Cname or A record for domains having ssl certifcate www.mydomain.com

Neil picture Neil · Jun 22, 2012 · Viewed 16.9k times · Source

We have two A records pointing to same public IP address as:

  • www.example.com IN A 192.*.*.*
  • example.com IN A 192.*.*.*

We have certificate issued by Verisign to www.example.com. Now when the user types https://www.example.com/xyz, everything works fine as expected.

But when we use https://example.com/xyz, the browser throws an error:

"There is a problem with this website's security certificate"

And asks the user to make decision if they trust and want to go ahead.

Now what should be best practice here:

  1. Change certificate and get wildcard certificate *.example.com
  2. Use following setting at DNS:

    • www.example.com IN A 192.*.*.*
    • example.com IN CNAME www.example.com
  3. Write a HTTP module in .Net pipeline to redirect user if they type example.com/xyz to www.example.com/xyz. I know this is not recommended.
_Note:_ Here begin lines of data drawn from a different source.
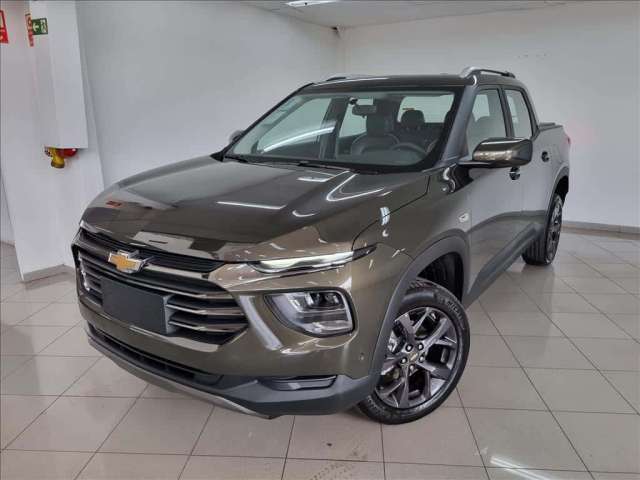 CHEVROLET MONTANA 1.2 TURBO FLEX PREMIER AUTOMÁTICO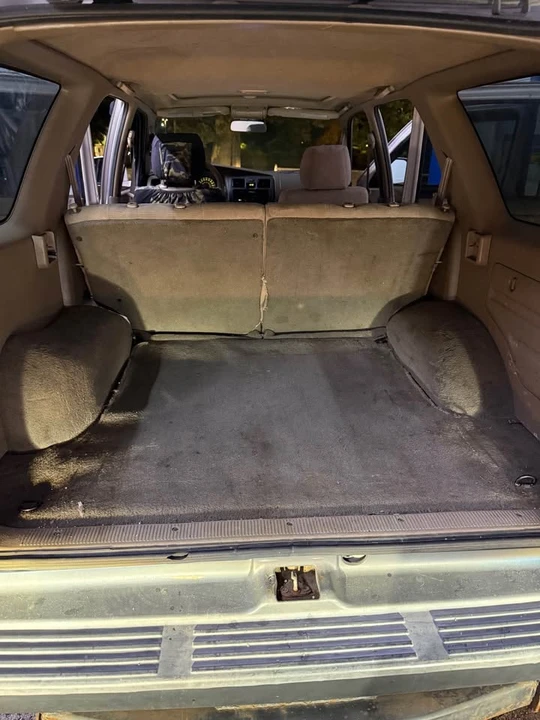 2000 Toyota 4Runner 3rd Gen - Image 8 of 13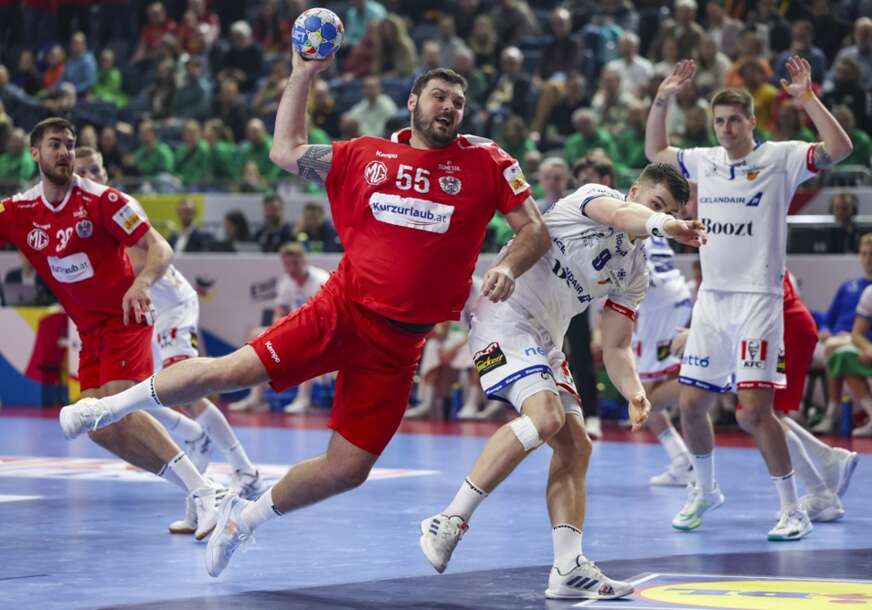 Partizan pravi strašan tim: Dželat Srbije sa Evropskog prvenstva stiže među crno-bijele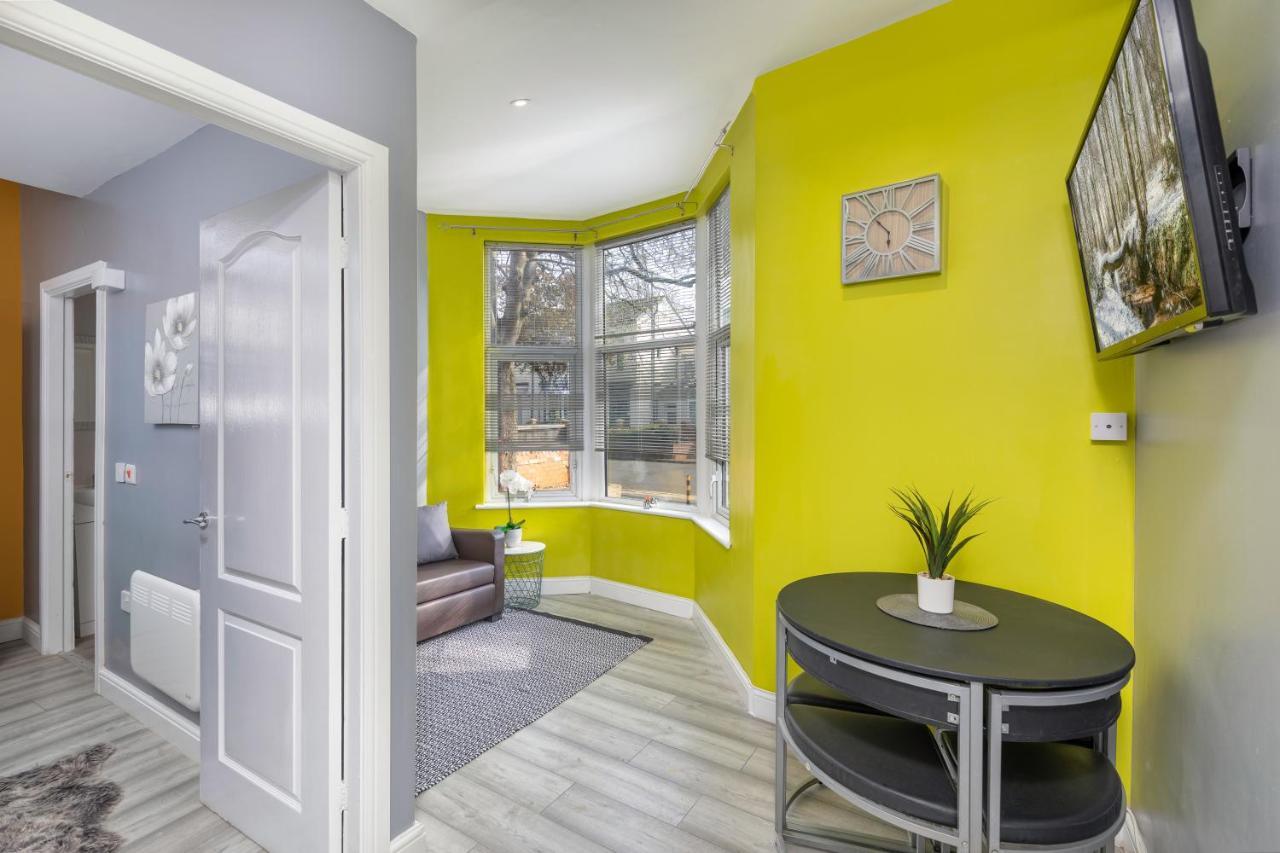 Ferienwohnung Luxe Living Stockton-on-Tees Exterior foto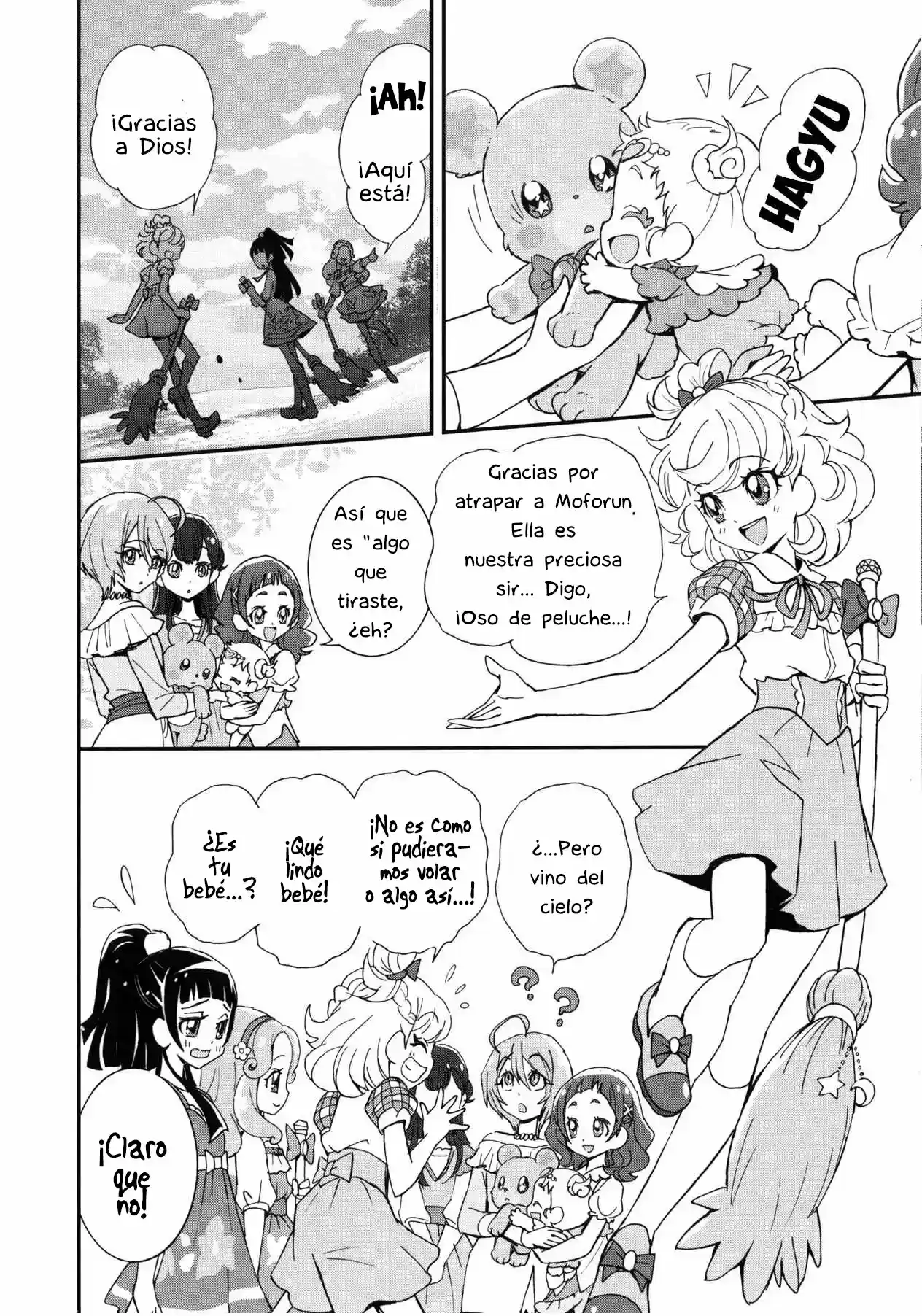 Kira Kira Precure À La Mode - Capítulo 16 - Página 4 - LectorTMOo
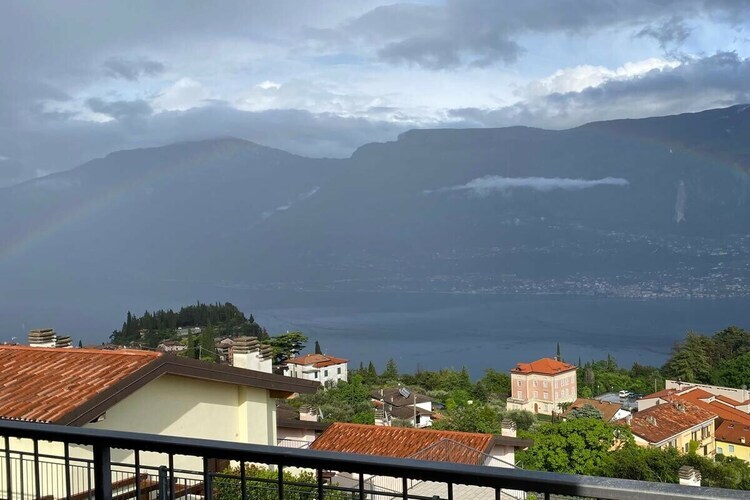 Maison avec vue lac de Garde à Tremosine - Photo 26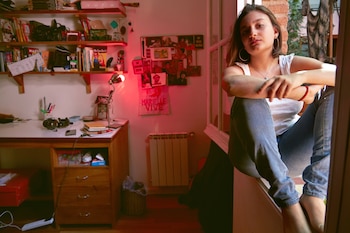 Nina Turdó D’Antonio, 16 años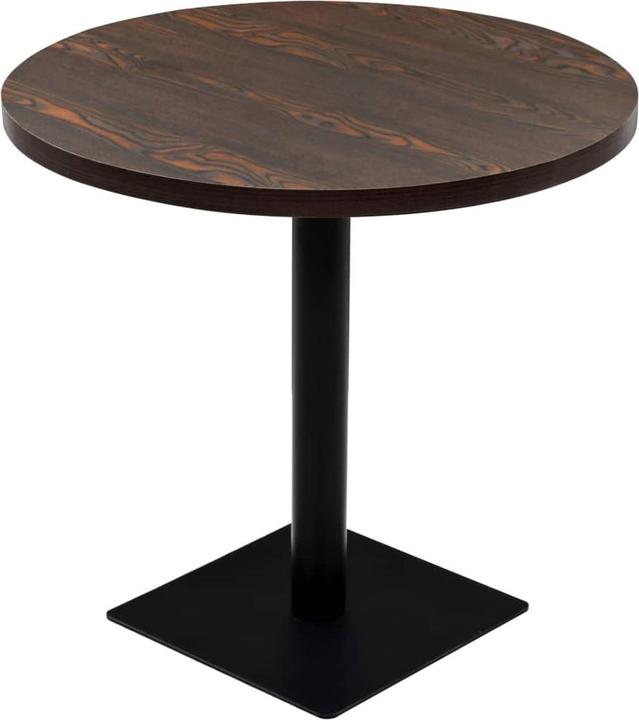 Image du produit vidaXL Bistrotisch (80 x 75 cm)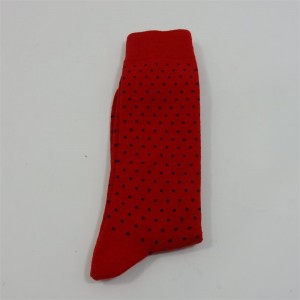 ผู้ชายแต่งตัวถุงเท้าที่มีคุณภาพสูง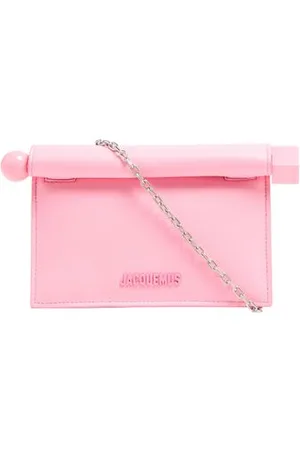 Jacquemus Die kleine Rond Carré Clutch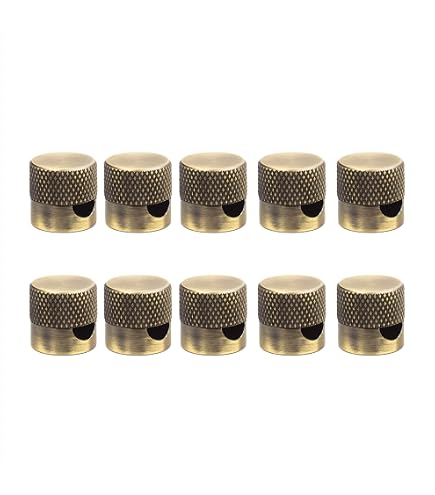 Décentrateurs Câble Plafond Blanc - Lot De 5 Pour Fixation Lampes Et Suspensions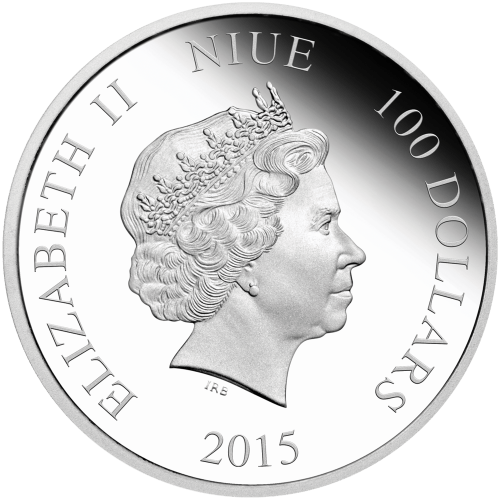 Pièce 1 kilo d'argent Steamboat Willie 2015 | Agoro par la Monnaie de Nouvelle-Zélande
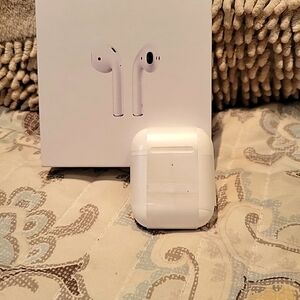 Airpods 2nd gen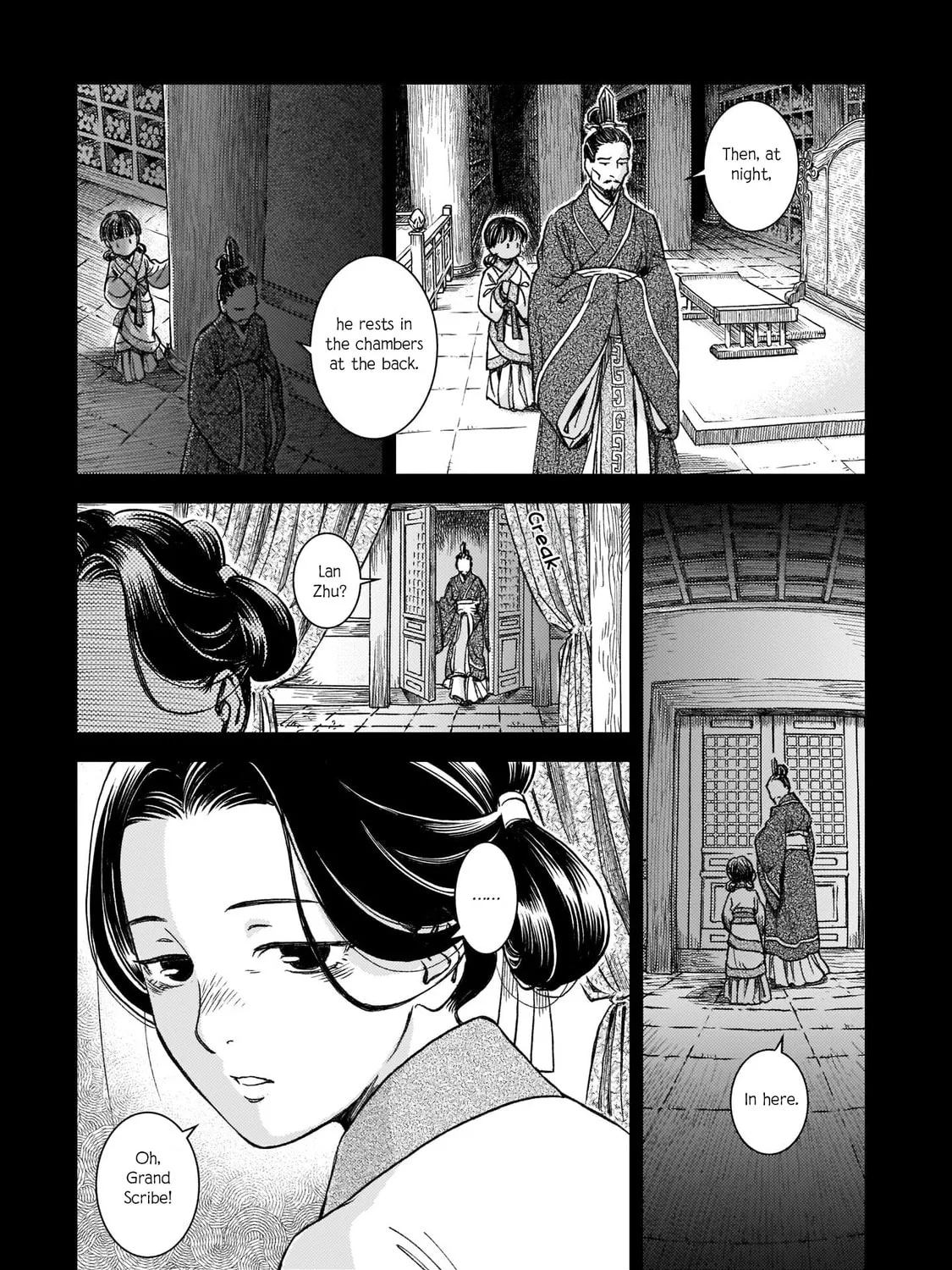 Read Shishosei chapter 1 image 26 on Lezhin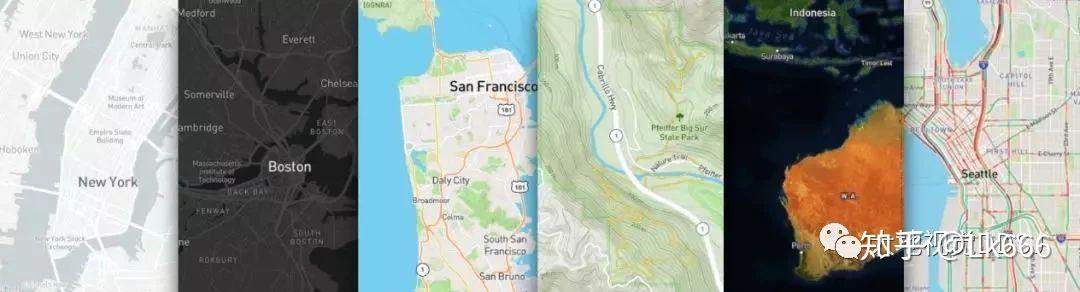 【教程】Mapbox教你出图:今天你的图炫酷了吗? - 知乎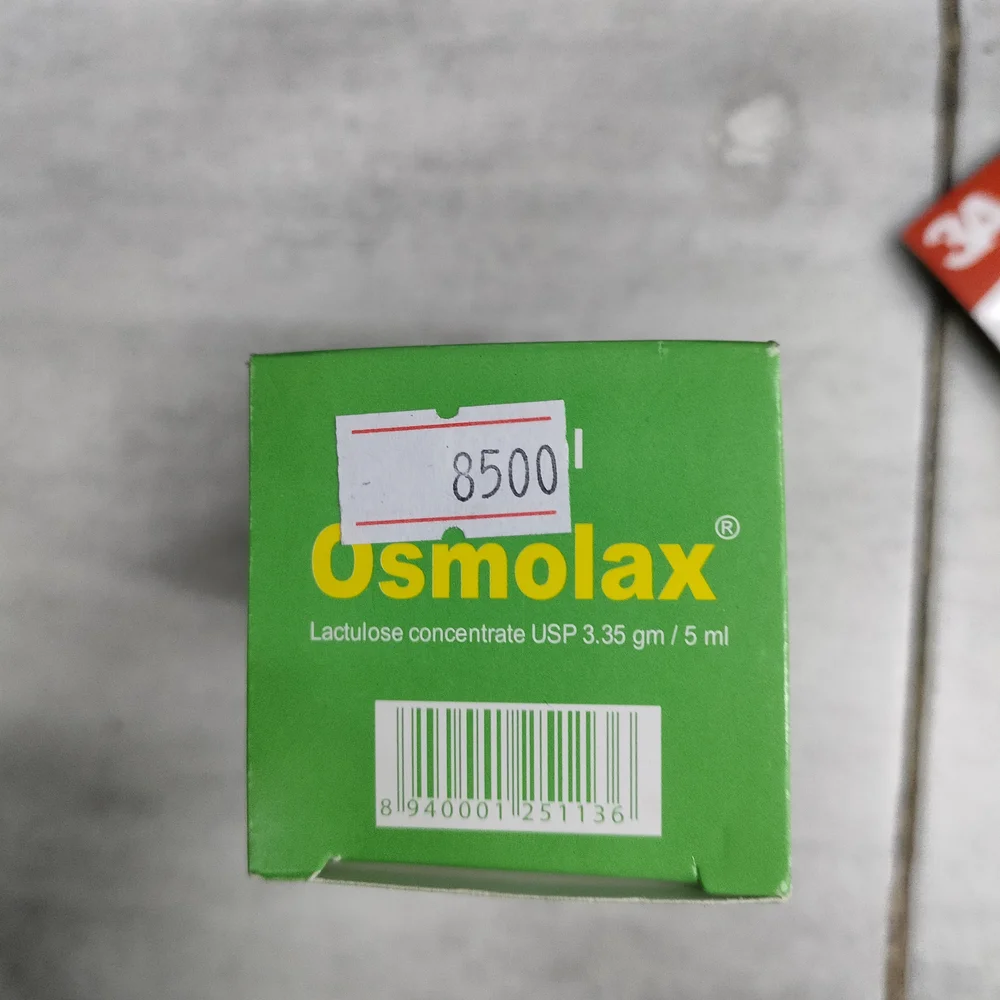 Osmolax — available at pharmacies in Cambodia on PharmKulen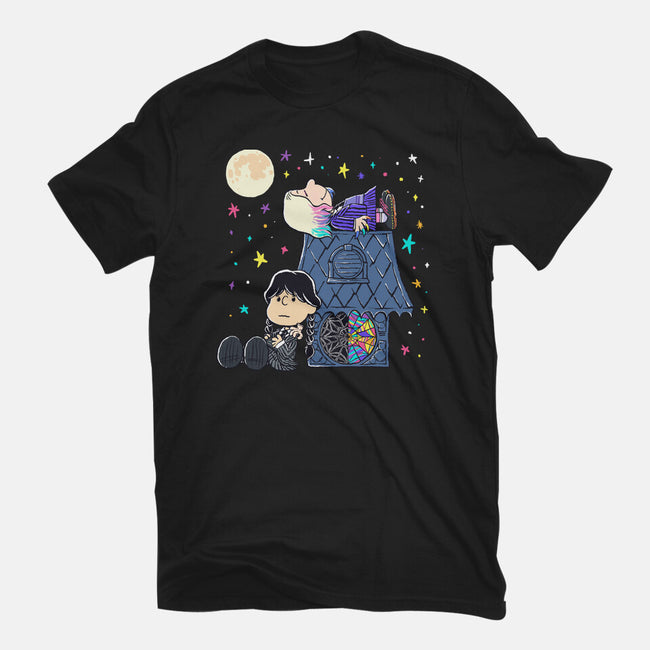 Ophelia-Nuts-youth basic tee-yellovvjumpsuit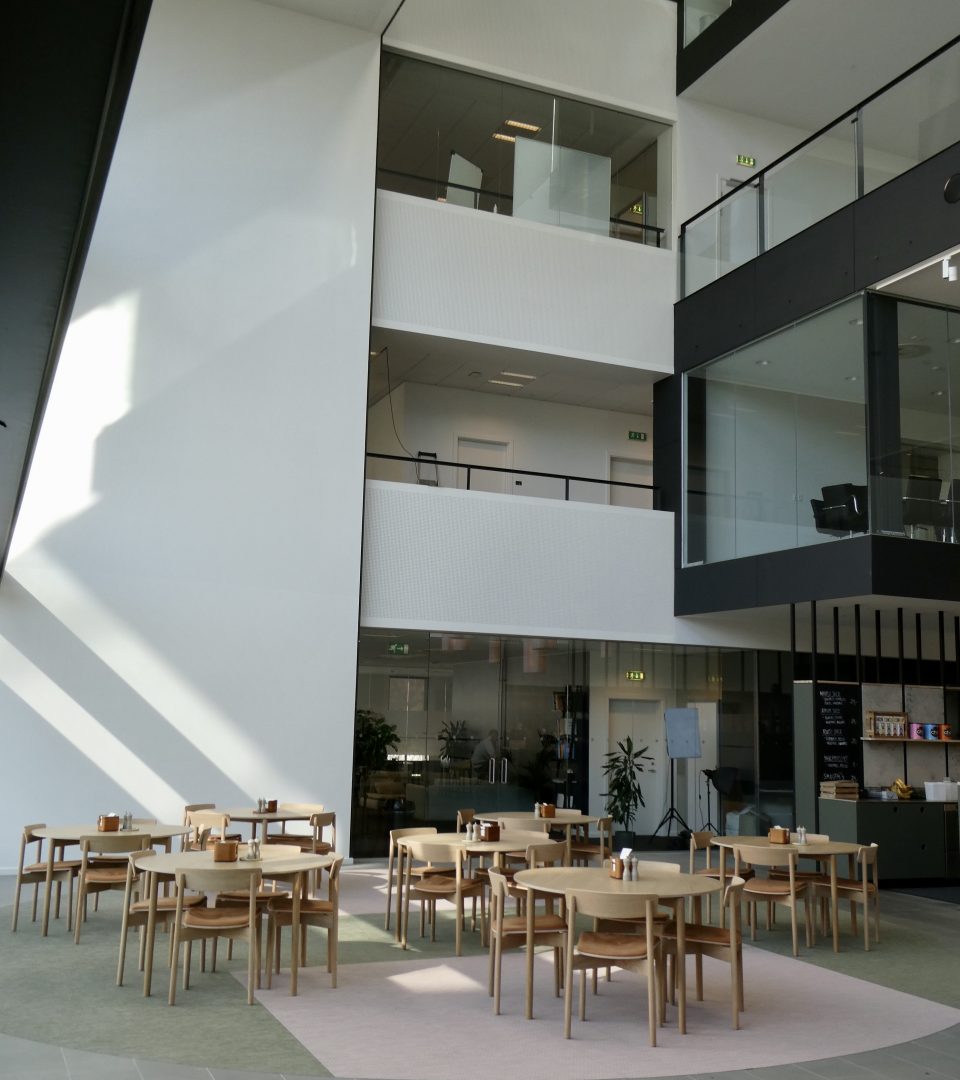 Mikado House, Copenhagen TAKT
We would like to do something like what chase.com is doing. If you type chase.com it takes you to https://www.chase.com/.

Answer

Sandman4 picture Sandman4 · Jun 22, 2012

None of the above. You should get SSL certificate that covers two domains: www.mydomain.com and mydomain.com.

As per your proposals:

1) Having wildcard certificate for a single domain of *.mydomain.com will still give you an error when opening mydomain.com without any prefix. You may of course get a multidomain certificate for *.mydomain.com and mydomain.com

2) For the sake of SSL, it doesn't matter CNAME or A - DNS used to get the address (A record) of your webserver, afterwards browser still expects SSL certificate to match exactly what you type in the address bar.

3) That would work for http requests, but when user types https://mydomain.com, browser checks SSL certificate before it processes the redirection request, and will still show the warning.

P.S. You have this problem because CA industry is totally screwed. Their product pages all look like "super 256-bit encryption" (certificate have nothing to do with encryption strength), mobile support (be it mobile or mainframe, certficate is all the same), and "a free site-seal included" (site seal is a great name for a CA advertisement placed on your site).

All the not important things like is it's CRL or OCSP, or which domain names it covers at all - never mentioned.